Seems counter intuitive that code that automatically solves the problem of heap allocations that (ASP).NET tries so desperately to avoid for performance's sake doesn't yield enough benefits, or was the benchmark too biased due to the tested workloads already being heavily GC optimized?

jkotas · 2020-01-13T17:38:36Z

Yes, this feature is not being worked on right now by the Microsoft .NET team currently.

or was the benchmark too biased due to the tested workloads already being heavily GC optimized?

We looked at all places where the prototype kicks in or where it may potentially kick in once it is more complete, across the framework. It did not show enough hits. One observation was that you often need to analyze a very large amount of code to prove that it is ok to allocate on stack.
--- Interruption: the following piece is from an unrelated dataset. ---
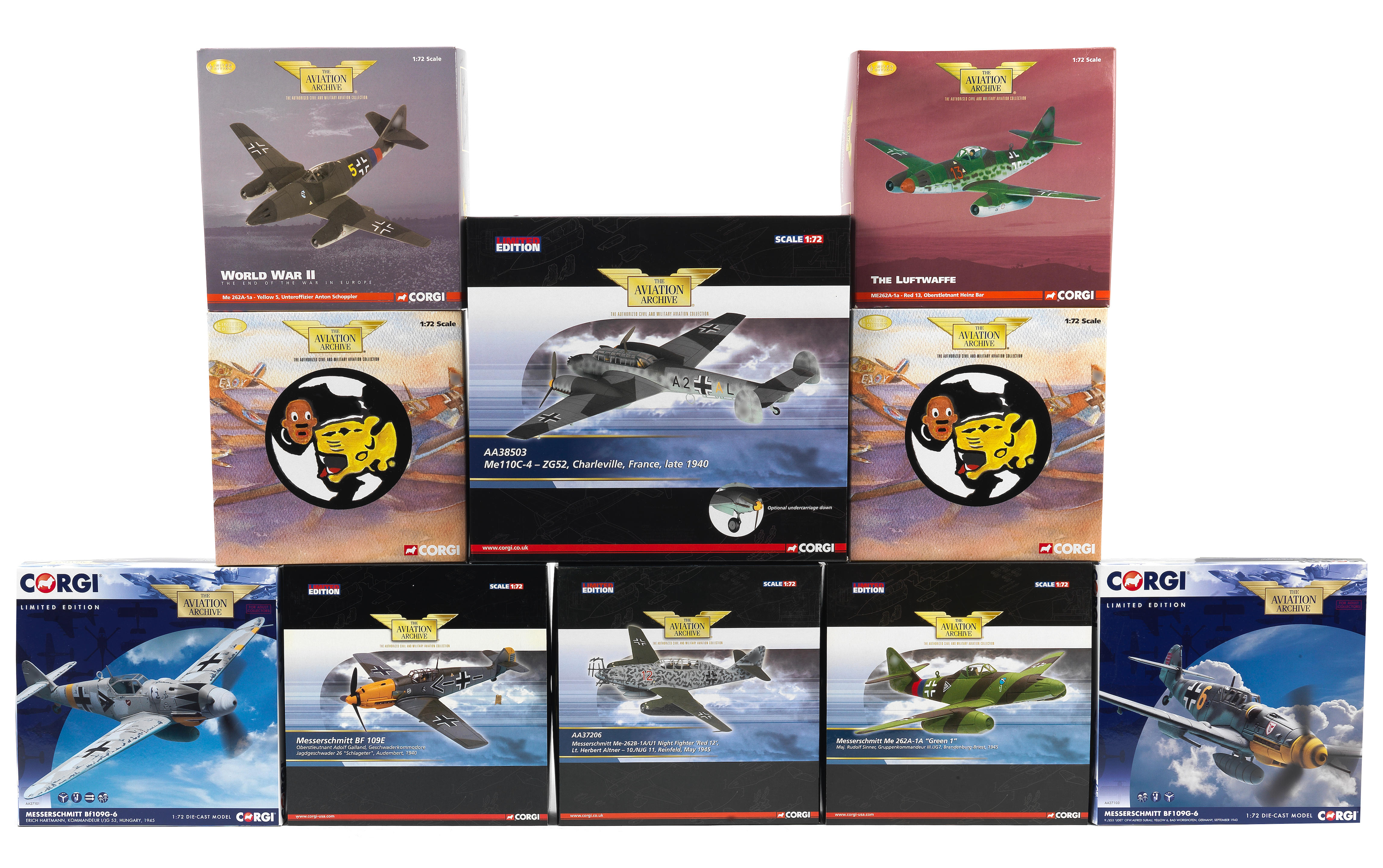 Appraisal: TEN BOXED SCALE LIMITED EDITION DIE-CAST MODELS OF WWII MESSERSCHMITT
This analysis takes time and the JIT is not designed to do a (global) analysis like this.

Trayani · 2020-01-13T18:24:37Z

I understand that Escape analysis is not happening, but we are also talking about a possibility of stack-allocating imperatively, which is being requested arguably more often.
Is it on hiatus too? I think Span showed nicely that objects can be handled while prevented from escaping.

I don't know how to get more data on this, but other use cases (eg: struct params, lambdas, local lists and arrays of all types ) appear reasonably often. )

So true

AartBluestoke · 2020-01-13T20:42:39Z

I understand that escape analysis is hard. That is why I'm proposing an optimistic approach where allocations are promoted on demand. No jit time proof of lack of escape needed.

jkotas · 2020-01-13T21:02:35Z

I agree that there may be a opportunity, but we do not know how to turn it into a significant win.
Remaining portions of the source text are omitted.